Clement, del Consumer Choice Center, escribió el año pasado que la administración Trump «tiene razón» al decir que los agricultores estadounidenses son tratados injustamente por su vecino del norte.
También argumentó que el sistema de gestión de la oferta de Canadá había inflado artificialmente los precios de productos básicos para el hogar, como los lácteos y los huevos, un problema que, según él, los canadienses deberían tener en cuenta dada la actual crisis del costo de vida en el país.
«Deberíamos deshacernos de la gestión de la oferta por nuestro propio bien, al margen de cualquier negociación o acuerdo comercial», declaró a la BBC en una entrevista.
Según argumentó, eliminar la gestión de la oferta ahorraría dinero a los canadienses y, al mismo tiempo, les daría más opciones en el supermercado. Además, ayudaría a Canadá a diversificar su comercio al abrir su mercado a otros países.
Imágenes de GettyLos datos más recientes muestran que los canadienses pagaron un promedio de 3,19 dólares canadienses (2,26 dólares estadounidenses; 1,69 libras esterlinas) por 1 litro de leche en mayo, mientras que los estadounidenses pagaron 1,95 dólares canadienses por la misma cantidad, según cifras de Statistics Canada y el USDA.
Sin embargo, quienes piden el fin del sistema actual son minoría. Según las encuestas, alrededor del 77% de los canadienses apoya su mantenimiento, argumentando que desean proteger a los agricultores locales y garantizar el acceso a productos lácteos de alta calidad.
«No quiero productos lácteos estadounidenses baratos», escribió Gary Johnson, de Ontario, al periódico Globe and Mail en junio.
«Que Estados Unidos envíe productos lácteos. No creo que ninguno de nosotros los compre», escribió Mark Knudsen de Mississauga.
David Wiens, ganadero lechero de tercera generación de Manitoba y presidente de la Asociación de Productores Lecheros de Canadá, sostiene que este marco ha contribuido a la estabilidad de los precios al tiempo que protege la «soberanía alimentaria».
«Los precios de los productos lácteos son en realidad más estables que los de muchas otras categorías de alimentos, y más competitivos a nivel internacional de lo que la gente suele creer», declaró a la BBC, añadiendo que los precios están determinados por una serie de factores económicos.
Wiens señaló que los consumidores estadounidenses también vieron cómo el precio de los huevos se disparaba después de que un brote de gripe aviar interrumpiera la producción, y argumentó que la gestión de la oferta ayudó a proteger a los canadienses de aumentos de precios similares.
Quienes se oponen a la gestión de la oferta atribuyen el apoyo público a la falta de conocimiento sobre una política comercial y de suministro compleja, y afirman que proponer cualquier reforma se ha vuelto políticamente arriesgado.
Según Ryan Cardwell, profesor de la Universidad de Manitoba, quien ha investigado el apoyo político a la gestión de la oferta, modificarla probablemente le costaría a los liberales en el gobierno varios escaños en el parlamento.
También resultaría costoso desde el punto de vista financiero, ya que el gobierno tendría que indemnizar a los productores lecheros mediante un paquete de compensación que algunos estiman en miles de millones de dólares.

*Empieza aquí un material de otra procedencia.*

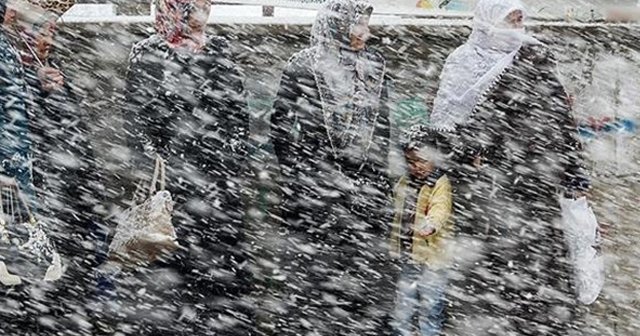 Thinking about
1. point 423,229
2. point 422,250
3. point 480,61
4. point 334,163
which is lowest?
point 422,250

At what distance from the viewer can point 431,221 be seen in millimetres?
4352

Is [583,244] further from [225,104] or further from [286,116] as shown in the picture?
[225,104]

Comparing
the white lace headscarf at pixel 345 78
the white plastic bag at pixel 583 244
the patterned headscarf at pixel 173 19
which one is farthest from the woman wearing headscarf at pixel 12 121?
the white plastic bag at pixel 583 244

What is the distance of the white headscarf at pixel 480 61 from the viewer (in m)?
4.38

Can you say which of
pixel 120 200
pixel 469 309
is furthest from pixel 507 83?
pixel 120 200

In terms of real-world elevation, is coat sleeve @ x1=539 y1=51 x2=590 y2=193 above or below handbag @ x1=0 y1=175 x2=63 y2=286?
above

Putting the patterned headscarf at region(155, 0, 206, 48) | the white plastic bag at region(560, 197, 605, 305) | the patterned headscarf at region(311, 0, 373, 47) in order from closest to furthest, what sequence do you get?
the patterned headscarf at region(155, 0, 206, 48)
the patterned headscarf at region(311, 0, 373, 47)
the white plastic bag at region(560, 197, 605, 305)

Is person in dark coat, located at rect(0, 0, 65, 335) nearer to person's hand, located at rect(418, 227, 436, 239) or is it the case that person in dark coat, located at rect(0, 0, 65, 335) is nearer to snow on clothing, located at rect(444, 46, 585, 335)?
person's hand, located at rect(418, 227, 436, 239)

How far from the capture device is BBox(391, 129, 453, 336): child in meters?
4.38

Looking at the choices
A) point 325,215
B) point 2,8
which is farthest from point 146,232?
point 2,8

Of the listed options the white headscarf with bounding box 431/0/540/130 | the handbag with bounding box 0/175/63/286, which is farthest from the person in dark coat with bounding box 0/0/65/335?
the white headscarf with bounding box 431/0/540/130

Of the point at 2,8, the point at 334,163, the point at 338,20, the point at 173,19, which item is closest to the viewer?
the point at 2,8

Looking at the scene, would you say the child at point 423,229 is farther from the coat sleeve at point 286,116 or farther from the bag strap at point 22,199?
the bag strap at point 22,199

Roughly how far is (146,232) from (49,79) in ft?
2.29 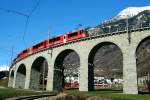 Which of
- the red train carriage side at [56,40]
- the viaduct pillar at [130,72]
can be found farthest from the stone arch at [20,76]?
the viaduct pillar at [130,72]

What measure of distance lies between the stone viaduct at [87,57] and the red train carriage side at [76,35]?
90 cm

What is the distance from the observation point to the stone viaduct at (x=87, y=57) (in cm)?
4138

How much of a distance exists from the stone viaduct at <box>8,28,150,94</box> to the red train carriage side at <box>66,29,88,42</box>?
0.90m

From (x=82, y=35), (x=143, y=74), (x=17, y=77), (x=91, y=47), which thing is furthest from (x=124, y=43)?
(x=143, y=74)

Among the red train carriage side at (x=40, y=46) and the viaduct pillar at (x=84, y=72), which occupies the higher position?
the red train carriage side at (x=40, y=46)

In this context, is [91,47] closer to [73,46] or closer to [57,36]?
[73,46]

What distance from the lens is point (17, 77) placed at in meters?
82.0

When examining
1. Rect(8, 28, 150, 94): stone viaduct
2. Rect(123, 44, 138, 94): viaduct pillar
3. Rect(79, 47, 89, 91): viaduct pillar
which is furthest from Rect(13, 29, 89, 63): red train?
Rect(123, 44, 138, 94): viaduct pillar

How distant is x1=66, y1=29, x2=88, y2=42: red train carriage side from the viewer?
50734 mm

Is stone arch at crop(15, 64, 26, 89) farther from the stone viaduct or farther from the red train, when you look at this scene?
the red train

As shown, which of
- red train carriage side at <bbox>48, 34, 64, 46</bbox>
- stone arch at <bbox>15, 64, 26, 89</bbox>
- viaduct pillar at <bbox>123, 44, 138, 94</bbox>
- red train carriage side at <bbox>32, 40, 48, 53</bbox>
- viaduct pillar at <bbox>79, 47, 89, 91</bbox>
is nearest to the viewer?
viaduct pillar at <bbox>123, 44, 138, 94</bbox>

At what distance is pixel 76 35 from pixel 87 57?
6.31 metres

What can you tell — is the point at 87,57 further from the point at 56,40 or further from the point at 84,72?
the point at 56,40

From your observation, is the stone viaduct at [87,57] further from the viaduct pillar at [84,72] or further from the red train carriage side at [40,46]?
the red train carriage side at [40,46] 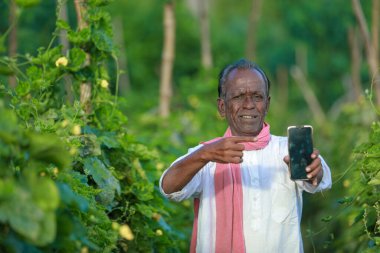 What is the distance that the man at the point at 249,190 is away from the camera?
469cm

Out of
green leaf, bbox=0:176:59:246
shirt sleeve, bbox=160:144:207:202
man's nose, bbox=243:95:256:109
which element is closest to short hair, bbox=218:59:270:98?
man's nose, bbox=243:95:256:109

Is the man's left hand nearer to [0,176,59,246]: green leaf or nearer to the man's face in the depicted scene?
the man's face

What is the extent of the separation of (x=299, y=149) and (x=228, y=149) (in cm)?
52

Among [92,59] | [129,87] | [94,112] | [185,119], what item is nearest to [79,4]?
[92,59]

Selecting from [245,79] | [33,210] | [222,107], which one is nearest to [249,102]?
[245,79]

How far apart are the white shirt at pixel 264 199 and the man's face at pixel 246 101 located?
0.13 metres

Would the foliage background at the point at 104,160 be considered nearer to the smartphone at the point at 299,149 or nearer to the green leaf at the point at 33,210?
the green leaf at the point at 33,210

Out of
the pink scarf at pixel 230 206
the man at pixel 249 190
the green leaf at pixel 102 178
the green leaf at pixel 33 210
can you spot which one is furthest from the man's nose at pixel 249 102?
the green leaf at pixel 33 210

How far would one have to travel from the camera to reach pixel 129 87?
2534 cm

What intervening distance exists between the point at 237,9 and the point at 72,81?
45.4 metres

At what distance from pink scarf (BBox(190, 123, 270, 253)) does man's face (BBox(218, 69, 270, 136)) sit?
0.07 meters

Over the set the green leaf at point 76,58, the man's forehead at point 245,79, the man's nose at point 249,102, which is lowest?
the man's nose at point 249,102

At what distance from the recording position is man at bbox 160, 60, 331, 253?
4688 mm

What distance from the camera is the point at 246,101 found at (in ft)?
15.9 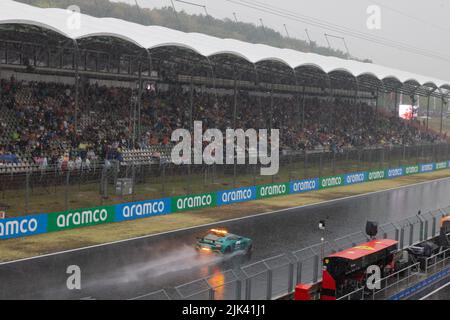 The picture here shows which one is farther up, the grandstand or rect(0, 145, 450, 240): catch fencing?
the grandstand

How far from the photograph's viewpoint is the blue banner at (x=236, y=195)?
3256 centimetres

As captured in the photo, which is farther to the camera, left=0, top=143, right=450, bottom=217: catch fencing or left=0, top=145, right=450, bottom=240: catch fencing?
left=0, top=143, right=450, bottom=217: catch fencing

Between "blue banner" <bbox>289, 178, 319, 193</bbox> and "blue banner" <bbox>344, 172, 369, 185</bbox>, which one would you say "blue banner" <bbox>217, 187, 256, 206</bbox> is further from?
"blue banner" <bbox>344, 172, 369, 185</bbox>

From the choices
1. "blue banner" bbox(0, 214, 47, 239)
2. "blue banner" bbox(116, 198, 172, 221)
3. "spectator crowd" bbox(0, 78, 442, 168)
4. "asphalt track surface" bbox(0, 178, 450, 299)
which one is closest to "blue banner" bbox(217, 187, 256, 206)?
"asphalt track surface" bbox(0, 178, 450, 299)

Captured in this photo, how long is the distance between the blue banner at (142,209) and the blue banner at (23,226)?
4091 mm

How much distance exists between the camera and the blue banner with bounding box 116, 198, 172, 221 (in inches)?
1073

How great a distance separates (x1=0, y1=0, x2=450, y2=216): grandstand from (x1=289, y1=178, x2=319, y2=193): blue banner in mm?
3631

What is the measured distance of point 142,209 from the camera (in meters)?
28.3

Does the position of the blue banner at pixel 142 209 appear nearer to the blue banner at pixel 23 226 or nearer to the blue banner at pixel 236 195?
the blue banner at pixel 236 195

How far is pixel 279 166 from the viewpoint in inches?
1545

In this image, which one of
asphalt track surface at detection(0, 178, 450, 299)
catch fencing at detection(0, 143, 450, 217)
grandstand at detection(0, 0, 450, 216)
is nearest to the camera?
asphalt track surface at detection(0, 178, 450, 299)

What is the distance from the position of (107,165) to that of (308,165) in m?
17.2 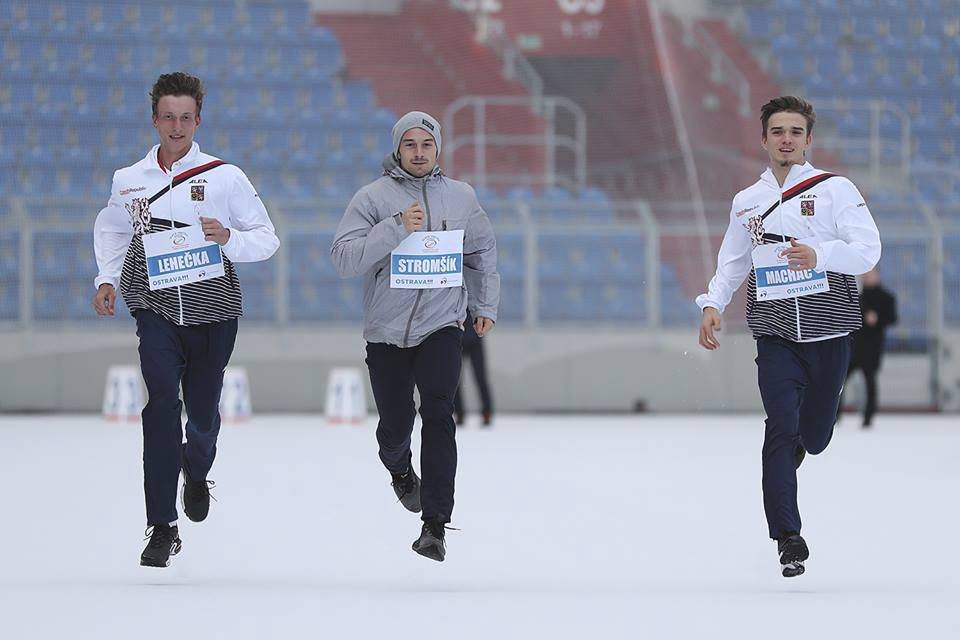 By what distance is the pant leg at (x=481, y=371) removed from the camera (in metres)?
13.3

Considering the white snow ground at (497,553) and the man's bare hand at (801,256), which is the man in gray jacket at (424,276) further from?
the man's bare hand at (801,256)

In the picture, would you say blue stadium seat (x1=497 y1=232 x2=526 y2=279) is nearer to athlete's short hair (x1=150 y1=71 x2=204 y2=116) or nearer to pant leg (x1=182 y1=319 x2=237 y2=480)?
pant leg (x1=182 y1=319 x2=237 y2=480)

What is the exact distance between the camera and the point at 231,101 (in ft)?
61.0

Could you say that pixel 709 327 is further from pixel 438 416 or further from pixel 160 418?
pixel 160 418

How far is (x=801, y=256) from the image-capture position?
5227 mm

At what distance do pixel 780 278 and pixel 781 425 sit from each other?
504 millimetres

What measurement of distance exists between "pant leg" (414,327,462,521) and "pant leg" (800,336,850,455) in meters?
1.23

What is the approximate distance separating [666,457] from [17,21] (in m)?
10.6

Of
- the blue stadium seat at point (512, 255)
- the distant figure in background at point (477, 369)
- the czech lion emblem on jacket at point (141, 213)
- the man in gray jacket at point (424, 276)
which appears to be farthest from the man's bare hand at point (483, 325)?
the blue stadium seat at point (512, 255)

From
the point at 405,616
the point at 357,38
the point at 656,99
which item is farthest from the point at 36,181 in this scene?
the point at 405,616

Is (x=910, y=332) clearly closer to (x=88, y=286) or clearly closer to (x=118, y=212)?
(x=88, y=286)

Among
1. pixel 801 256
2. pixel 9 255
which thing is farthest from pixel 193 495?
pixel 9 255

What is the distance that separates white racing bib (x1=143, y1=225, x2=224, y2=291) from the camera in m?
5.38

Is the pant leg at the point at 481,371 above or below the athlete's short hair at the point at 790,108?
below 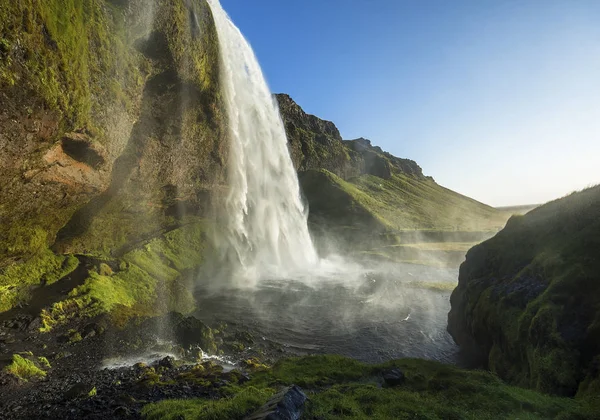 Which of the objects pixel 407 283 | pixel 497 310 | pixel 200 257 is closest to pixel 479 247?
pixel 497 310

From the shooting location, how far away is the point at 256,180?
58094 millimetres

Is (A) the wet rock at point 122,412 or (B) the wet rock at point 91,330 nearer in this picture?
(A) the wet rock at point 122,412

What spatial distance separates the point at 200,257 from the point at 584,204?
4701cm

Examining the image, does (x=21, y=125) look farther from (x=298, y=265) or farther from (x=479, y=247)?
(x=298, y=265)

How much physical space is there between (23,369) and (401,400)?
18532 millimetres

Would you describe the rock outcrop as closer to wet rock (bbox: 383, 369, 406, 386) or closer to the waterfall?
the waterfall

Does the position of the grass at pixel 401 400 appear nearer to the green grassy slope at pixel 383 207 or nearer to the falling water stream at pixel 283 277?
the falling water stream at pixel 283 277

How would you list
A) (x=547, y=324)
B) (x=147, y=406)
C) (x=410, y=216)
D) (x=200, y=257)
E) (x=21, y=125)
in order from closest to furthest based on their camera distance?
(x=147, y=406), (x=547, y=324), (x=21, y=125), (x=200, y=257), (x=410, y=216)

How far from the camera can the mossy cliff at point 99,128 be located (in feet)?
57.0

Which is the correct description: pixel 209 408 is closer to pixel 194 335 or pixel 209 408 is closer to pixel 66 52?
pixel 194 335

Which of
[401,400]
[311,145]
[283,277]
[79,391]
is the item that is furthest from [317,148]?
[401,400]

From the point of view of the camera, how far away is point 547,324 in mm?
14852

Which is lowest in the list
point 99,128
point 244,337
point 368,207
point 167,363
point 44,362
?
point 244,337

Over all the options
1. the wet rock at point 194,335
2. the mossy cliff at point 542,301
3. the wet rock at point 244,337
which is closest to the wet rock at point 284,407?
the mossy cliff at point 542,301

«Sería un coste inicial, y por supuesto, a los gobiernos no les gusta eso», dijo Cardwell.
Al eliminar gradualmente su sistema de gestión de la oferta, Australia utilizó un gravamen temporal sobre la leche que se aplicaba a los consumidores para financiar la transición, mientras que la Unión Europea aumentó gradualmente sus cuotas en un 1 % anual antes de abolirlas formalmente en 2015.
Pero en Canadá, Cardwell sostiene que es probable que la gestión de la cadena de suministro «no vaya a desaparecer».